[Crawled caption data]

========

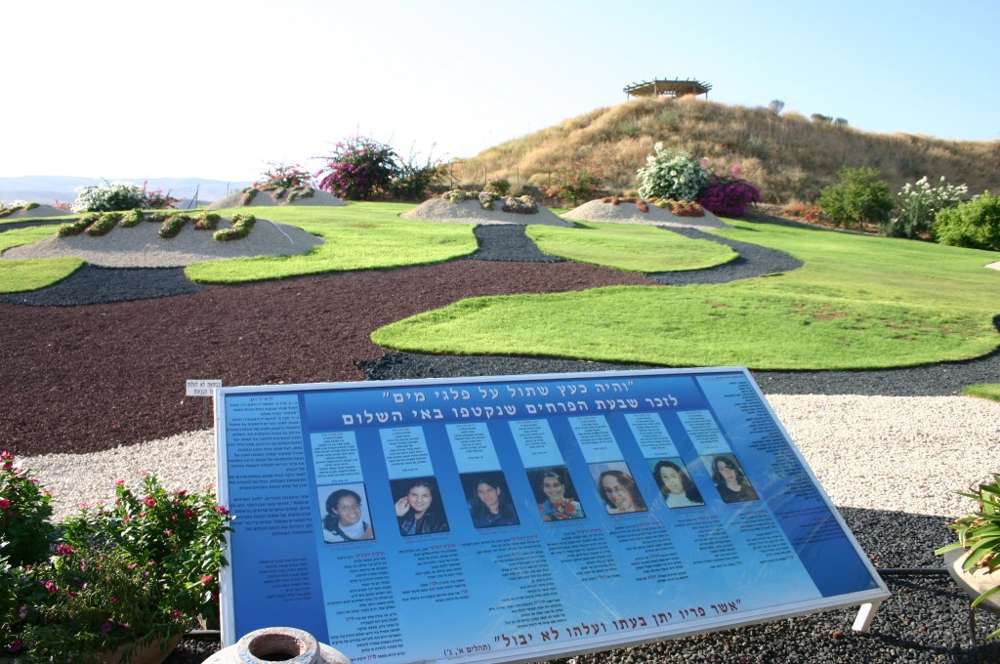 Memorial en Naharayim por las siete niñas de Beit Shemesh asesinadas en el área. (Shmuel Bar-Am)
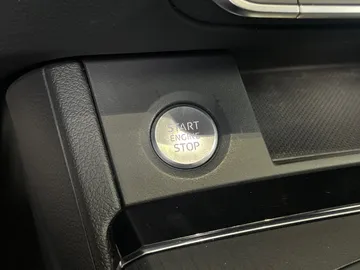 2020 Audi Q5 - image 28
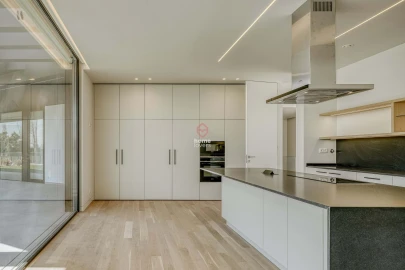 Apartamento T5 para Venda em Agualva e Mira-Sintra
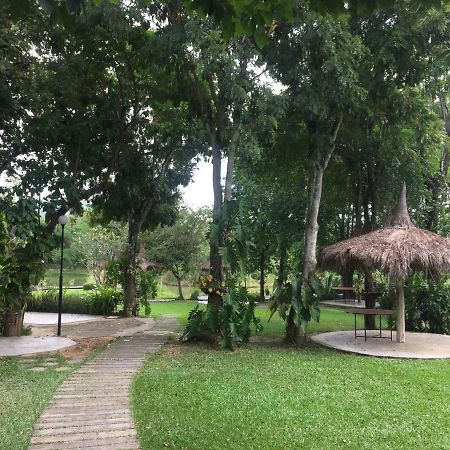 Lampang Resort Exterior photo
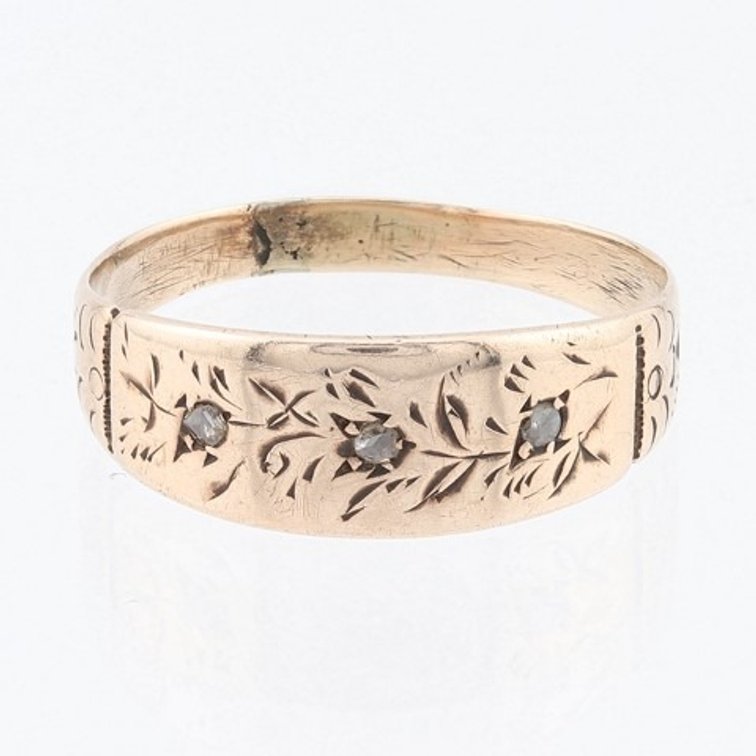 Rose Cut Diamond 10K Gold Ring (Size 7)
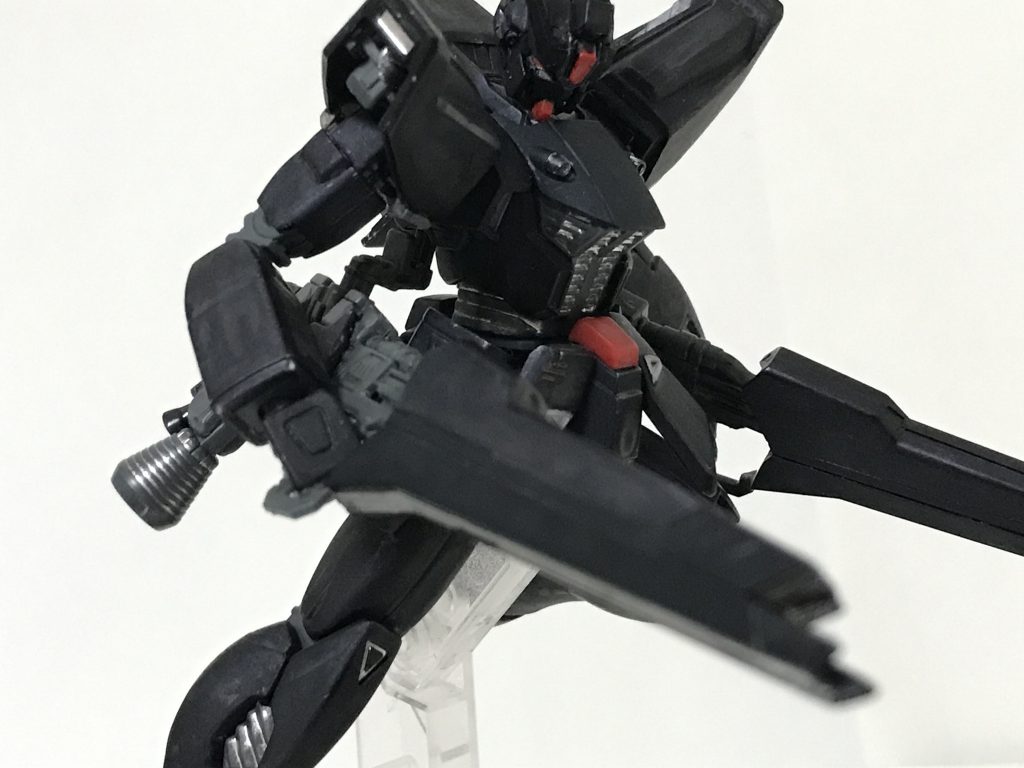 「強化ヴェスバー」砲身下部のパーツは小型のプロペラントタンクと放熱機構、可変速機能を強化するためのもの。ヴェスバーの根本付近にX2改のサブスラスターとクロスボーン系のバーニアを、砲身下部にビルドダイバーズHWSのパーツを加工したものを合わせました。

========

# About this exercise
Copy all of the records verbatim, omitting the pictures.

# Exercise output
 Memorial en Naharayim por las siete niñas de Beit Shemesh asesinadas en el área. (Shmuel Bar-Am)
 2020 Audi Q5 - image 28
 Apartamento T5 para Venda em Agualva e Mira-Sintra
 Lampang Resort Exterior photo
 Rose Cut Diamond 10K Gold Ring (Size 7)
 「強化ヴェスバー」砲身下部のパーツは小型のプロペラントタンクと放熱機構、可変速機能を強化するためのもの。ヴェスバーの根本付近にX2改のサブスラスターとクロスボーン系のバーニアを、砲身下部にビルドダイバーズHWSのパーツを加工したものを合わせました。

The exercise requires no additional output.